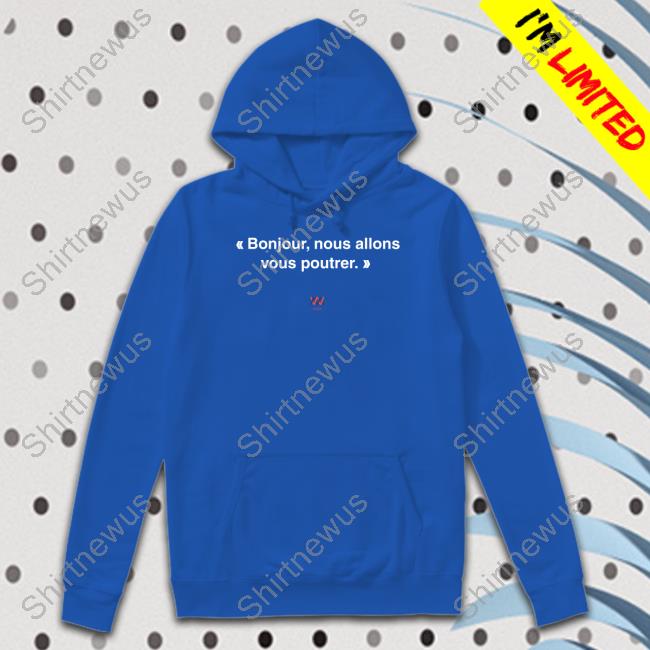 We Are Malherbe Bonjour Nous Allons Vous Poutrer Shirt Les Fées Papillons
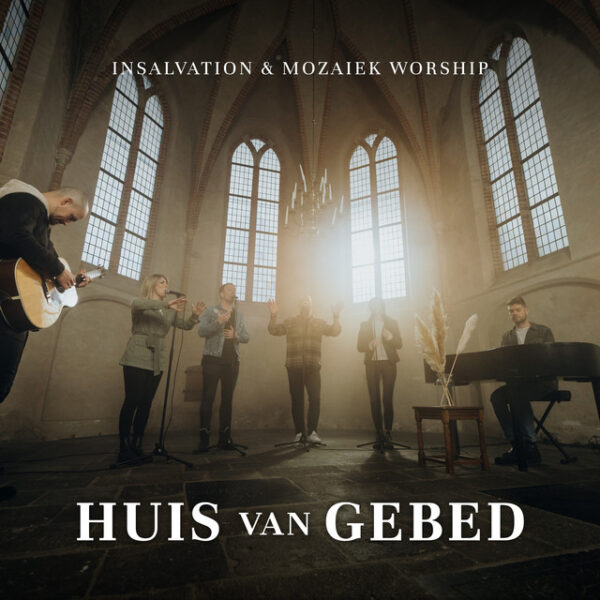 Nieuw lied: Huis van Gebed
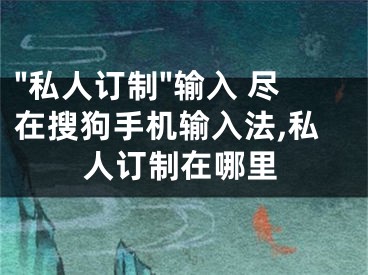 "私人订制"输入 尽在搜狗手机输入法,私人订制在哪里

* WHAT IS BEING ASKED: The reply must consist of the complete listing, reproduced exactly, with no images.

* RESPONSE TO THE EXERCISE:
 We Are Malherbe Bonjour Nous Allons Vous Poutrer Shirt Les Fées Papillons
 Nieuw lied: Huis van Gebed
 "私人订制"输入 尽在搜狗手机输入法,私人订制在哪里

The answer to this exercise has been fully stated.